1. The microservice architecture and why it matters operationally
Spinnaker is a set of JVM microservices behind one UI. You cannot operate it well without knowing which service owns which failure mode.
| Service | Responsibility | When it is the culprit |
|---|---|---|
| Deck | Angular UI | Nothing renders; check Gate connectivity |
| Gate | API gateway (all UI/CLI traffic) | 401/403s, auth proxy issues |
| Orca | Orchestration engine; runs pipelines stage by stage | Pipelines stuck “RUNNING”, stage transitions |
| Clouddriver | All mutating calls to cloud providers; caches deployed resources | Deploys fail, stale infra in the UI |
| Front50 | Persists applications, pipelines, projects, notifications | Pipelines vanish, save failures (S3/GCS bucket) |
| Rosco | Bakery; produces images via Packer, and Helm/Kustomize manifest bakes | Bake stage failures |
| Igor | Polls CI (Jenkins/Travis) and registries; emits triggers | Triggers do not fire on new images/builds |
| Echo | Eventing bus; notifications, webhooks, cron triggers | No Slack/email, scheduled pipelines silent |
| Fiat | Authorization (accounts, applications, roles) | Users see nothing, “not authorized” on accounts |
| Kayenta | Automated canary analysis (ACA) | Canary stage errors, metric queries fail |
The single most useful operational fact: Clouddriver indexes the world on a cache cycle. A resource created out-of-band can be invisible until the next caching agent run, and a pipeline that “cannot find” a cluster is frequently caching lag, not a real failure. Scale Clouddriver and tune its cache intervals before you blame the cloud.
2. Configuring cloud providers with Halyard or the Operator
There are two config models. Halyard (hal) is the original CLI that owns a halconfig and renders service settings; it is functional but now in maintenance, so new installs increasingly prefer the Spinnaker Operator (a Kubernetes operator that reconciles a SpinnakerService CR).
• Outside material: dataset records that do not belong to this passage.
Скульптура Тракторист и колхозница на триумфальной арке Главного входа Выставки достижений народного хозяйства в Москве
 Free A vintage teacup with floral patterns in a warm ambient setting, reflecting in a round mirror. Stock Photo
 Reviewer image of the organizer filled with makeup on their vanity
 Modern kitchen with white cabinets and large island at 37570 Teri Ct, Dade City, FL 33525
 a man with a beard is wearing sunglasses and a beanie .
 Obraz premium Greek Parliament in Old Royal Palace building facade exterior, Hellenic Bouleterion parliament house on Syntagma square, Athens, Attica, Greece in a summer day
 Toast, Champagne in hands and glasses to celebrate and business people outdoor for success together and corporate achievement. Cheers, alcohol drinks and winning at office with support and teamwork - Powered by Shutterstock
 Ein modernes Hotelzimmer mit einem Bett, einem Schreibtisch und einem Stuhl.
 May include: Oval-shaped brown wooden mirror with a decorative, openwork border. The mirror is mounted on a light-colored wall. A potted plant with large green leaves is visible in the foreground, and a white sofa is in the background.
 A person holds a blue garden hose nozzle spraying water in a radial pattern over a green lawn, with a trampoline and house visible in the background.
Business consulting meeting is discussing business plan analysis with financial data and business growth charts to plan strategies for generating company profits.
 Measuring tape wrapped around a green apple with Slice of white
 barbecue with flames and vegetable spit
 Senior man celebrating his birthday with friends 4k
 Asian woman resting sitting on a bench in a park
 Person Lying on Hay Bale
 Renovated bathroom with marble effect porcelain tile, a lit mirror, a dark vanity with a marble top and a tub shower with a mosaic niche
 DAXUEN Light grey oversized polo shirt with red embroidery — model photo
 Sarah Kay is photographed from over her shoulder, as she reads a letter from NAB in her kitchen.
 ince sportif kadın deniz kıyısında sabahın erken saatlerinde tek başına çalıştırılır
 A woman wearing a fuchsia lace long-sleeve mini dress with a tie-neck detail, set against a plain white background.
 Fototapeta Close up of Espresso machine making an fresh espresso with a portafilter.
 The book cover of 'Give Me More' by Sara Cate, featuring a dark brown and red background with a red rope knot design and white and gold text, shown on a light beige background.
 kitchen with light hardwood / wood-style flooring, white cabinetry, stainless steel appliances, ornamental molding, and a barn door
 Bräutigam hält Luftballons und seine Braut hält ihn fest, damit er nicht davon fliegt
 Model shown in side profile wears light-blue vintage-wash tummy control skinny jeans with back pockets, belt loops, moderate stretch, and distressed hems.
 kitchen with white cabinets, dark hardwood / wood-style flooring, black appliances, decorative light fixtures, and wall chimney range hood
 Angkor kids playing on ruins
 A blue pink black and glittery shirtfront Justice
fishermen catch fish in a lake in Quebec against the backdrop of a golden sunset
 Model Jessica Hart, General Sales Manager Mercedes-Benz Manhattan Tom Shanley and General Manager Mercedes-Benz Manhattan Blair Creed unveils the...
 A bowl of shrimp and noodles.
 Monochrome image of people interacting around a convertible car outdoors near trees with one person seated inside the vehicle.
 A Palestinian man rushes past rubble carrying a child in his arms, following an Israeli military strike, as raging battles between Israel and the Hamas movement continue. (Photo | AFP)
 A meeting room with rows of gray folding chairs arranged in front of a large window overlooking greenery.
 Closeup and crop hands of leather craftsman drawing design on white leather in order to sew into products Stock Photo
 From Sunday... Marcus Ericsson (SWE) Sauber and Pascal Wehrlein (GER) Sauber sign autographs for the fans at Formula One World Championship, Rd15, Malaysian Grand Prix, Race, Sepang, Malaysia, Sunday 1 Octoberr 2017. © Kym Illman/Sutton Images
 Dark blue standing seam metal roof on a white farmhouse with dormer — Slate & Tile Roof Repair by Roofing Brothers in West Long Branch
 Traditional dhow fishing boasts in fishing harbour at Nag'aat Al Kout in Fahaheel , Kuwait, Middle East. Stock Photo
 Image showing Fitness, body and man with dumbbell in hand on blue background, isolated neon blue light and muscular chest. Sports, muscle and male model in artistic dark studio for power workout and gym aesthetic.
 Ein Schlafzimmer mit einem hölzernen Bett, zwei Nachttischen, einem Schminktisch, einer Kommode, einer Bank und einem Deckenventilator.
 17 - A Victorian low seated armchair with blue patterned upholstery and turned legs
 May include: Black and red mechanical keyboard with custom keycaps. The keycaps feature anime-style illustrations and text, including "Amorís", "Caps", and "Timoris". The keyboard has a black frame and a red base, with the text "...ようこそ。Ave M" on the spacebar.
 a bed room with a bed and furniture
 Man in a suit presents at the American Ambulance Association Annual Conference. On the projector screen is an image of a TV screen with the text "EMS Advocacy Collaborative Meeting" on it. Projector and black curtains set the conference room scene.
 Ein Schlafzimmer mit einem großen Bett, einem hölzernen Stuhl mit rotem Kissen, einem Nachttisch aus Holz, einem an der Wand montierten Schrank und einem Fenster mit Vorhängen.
Pick one and stay on it – mixing them corrupts state.
With Halyard, enabling providers and adding accounts is declarative through the hal command tree:
# Kubernetes provider: enable, then add one account per cluster/context
hal config provider kubernetes enable
hal config provider kubernetes account add gke-prod-us \
--provider-version v2 \
--context gke_my-project_us-central1_prod \
--only-spinnaker-managed true
# AWS provider with a separate account (assume-role into a target account)
hal config provider aws enable
hal config provider aws account add aws-prod \
--account-id 111122223333 \
--assume-role role/spinnakerManaged \
--regions us-east-1,eu-west-1
# Google (GCE) provider
hal config provider google enable
hal config provider google account add gcp-prod \
--project my-gcp-project \
--json-path /home/spinnaker/.gcp/spinnaker-sa.json
# Set the deployment topology to distributed on Kubernetes, then apply
hal config deploy edit --type distributed --account-name gke-prod-us
hal deploy apply
Inspect what Halyard will render before you apply, and keep the generated config under review:
hal config # show the full deployment config
hal config provider kubernetes account list
hal config generate # render service .yml files without applying
hal deploy apply # roll the config out to the running services
With the Operator, the same intent is a versioned CR you commit to Git. Accounts can live in the CR or in a kustomize-managed secret, and the operator reconciles drift:
apiVersion: spinnaker.io/v1alpha2
kind: SpinnakerService
metadata:
name: spinnaker
spec:
spinnakerConfig:
config:
version: 1.35.1
providers:
kubernetes:
enabled: true
accounts:
- name: gke-prod-us
context: gke_my-project_us-central1_prod
onlySpinnakerManaged: true
# aws / google providers follow the same accounts[] shape
deploymentEnvironment:
size: SMALL
type: Distributed
Treat accounts as your multi-cloud boundary. An “account” is one credential into one cloud/cluster, and it is the unit Fiat authorizes against (section 7). Name them by environment and cloud (
gke-prod-us,aws-prod-eu) so permissions and pipeline targeting read cleanly.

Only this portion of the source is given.